• THE PROBLEM: Reproduce the listing below exactly, except for its pictures.

• RECORDS FOR THIS EXERCISE:
------------------------------

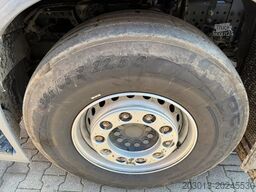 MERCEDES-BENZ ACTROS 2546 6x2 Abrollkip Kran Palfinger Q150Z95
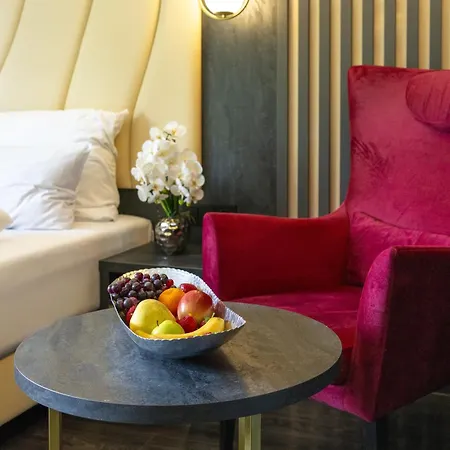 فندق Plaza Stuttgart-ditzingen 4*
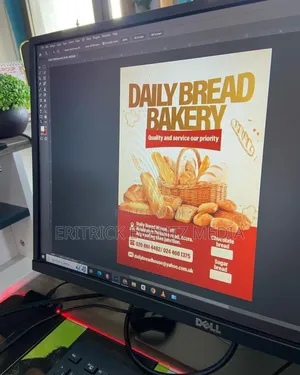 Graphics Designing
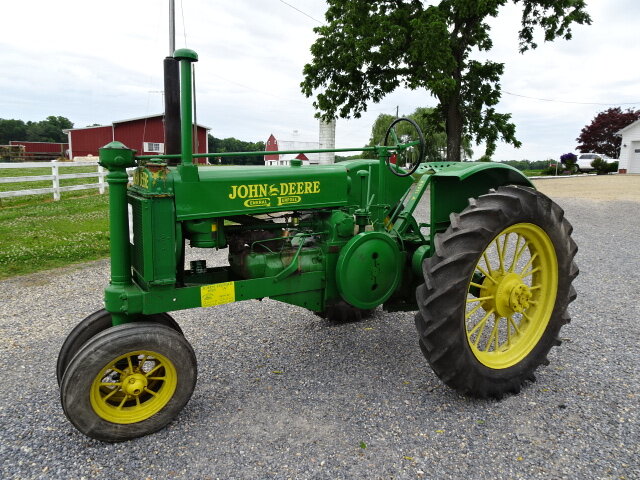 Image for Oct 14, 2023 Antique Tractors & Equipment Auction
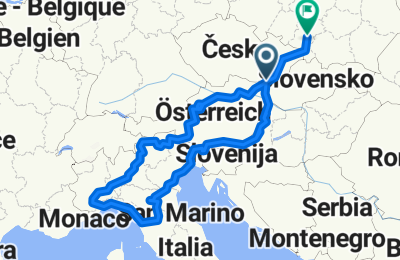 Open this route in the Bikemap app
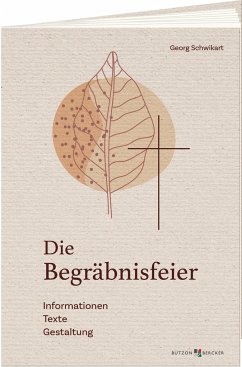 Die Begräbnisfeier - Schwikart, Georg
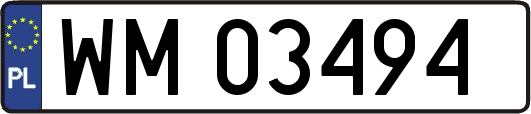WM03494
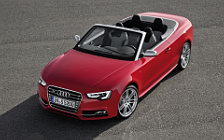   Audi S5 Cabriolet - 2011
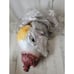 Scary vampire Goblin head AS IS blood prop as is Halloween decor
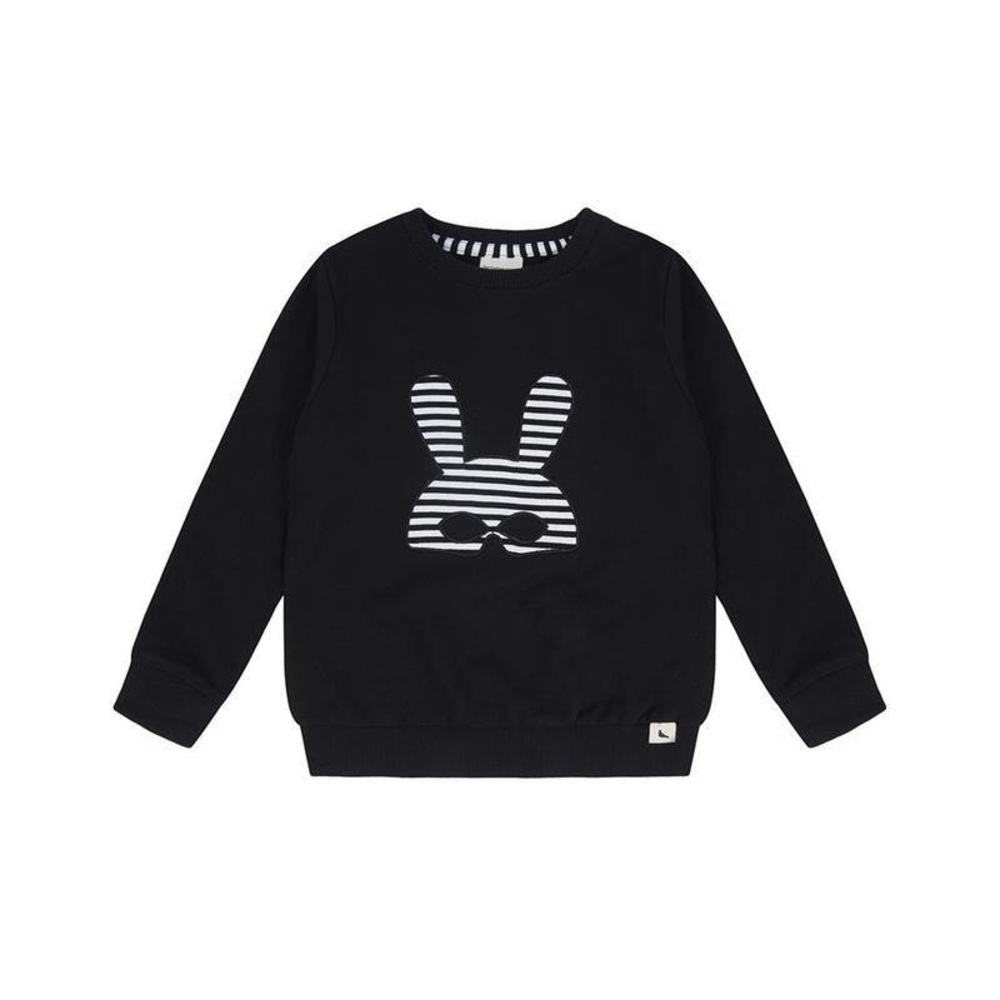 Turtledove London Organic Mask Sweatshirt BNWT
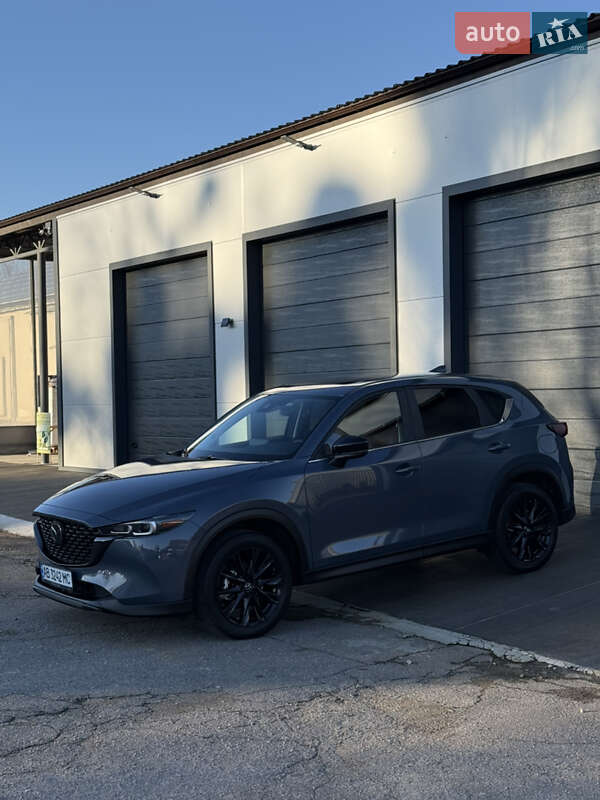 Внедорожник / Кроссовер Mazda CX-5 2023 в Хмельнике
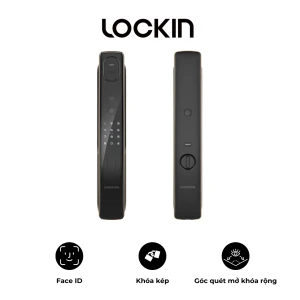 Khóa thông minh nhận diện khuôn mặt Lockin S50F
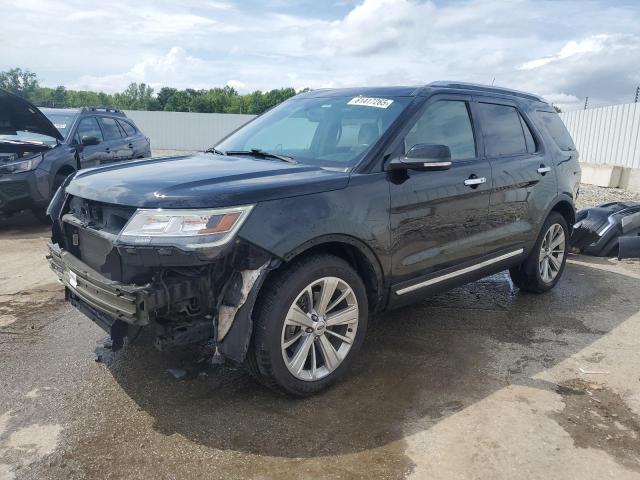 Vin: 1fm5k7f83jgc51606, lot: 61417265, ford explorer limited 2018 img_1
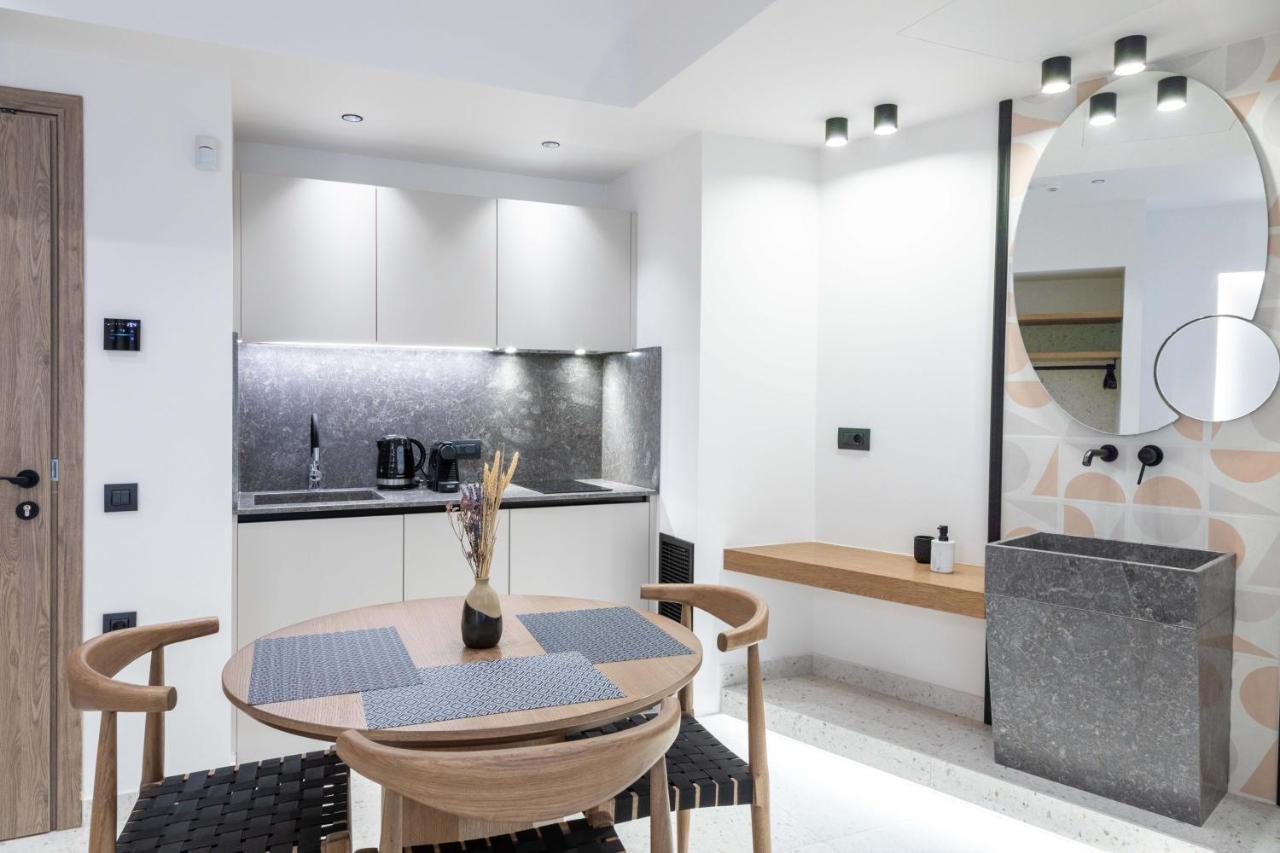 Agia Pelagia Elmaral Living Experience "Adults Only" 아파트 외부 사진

------------------------------

• WRITTEN ANSWER:
 MERCEDES-BENZ ACTROS 2546 6x2 Abrollkip Kran Palfinger Q150Z95
 فندق Plaza Stuttgart-ditzingen 4*
 Graphics Designing
 Image for Oct 14, 2023 Antique Tractors & Equipment Auction
 Open this route in the Bikemap app
 Die Begräbnisfeier - Schwikart, Georg
WM03494
   Audi S5 Cabriolet - 2011
 Scary vampire Goblin head AS IS blood prop as is Halloween decor
 Turtledove London Organic Mask Sweatshirt BNWT
 Внедорожник / Кроссовер Mazda CX-5 2023 в Хмельнике
 Khóa thông minh nhận diện khuôn mặt Lockin S50F
 Vin: 1fm5k7f83jgc51606, lot: 61417265, ford explorer limited 2018 img_1
 Agia Pelagia Elmaral Living Experience "Adults Only" 아파트 외부 사진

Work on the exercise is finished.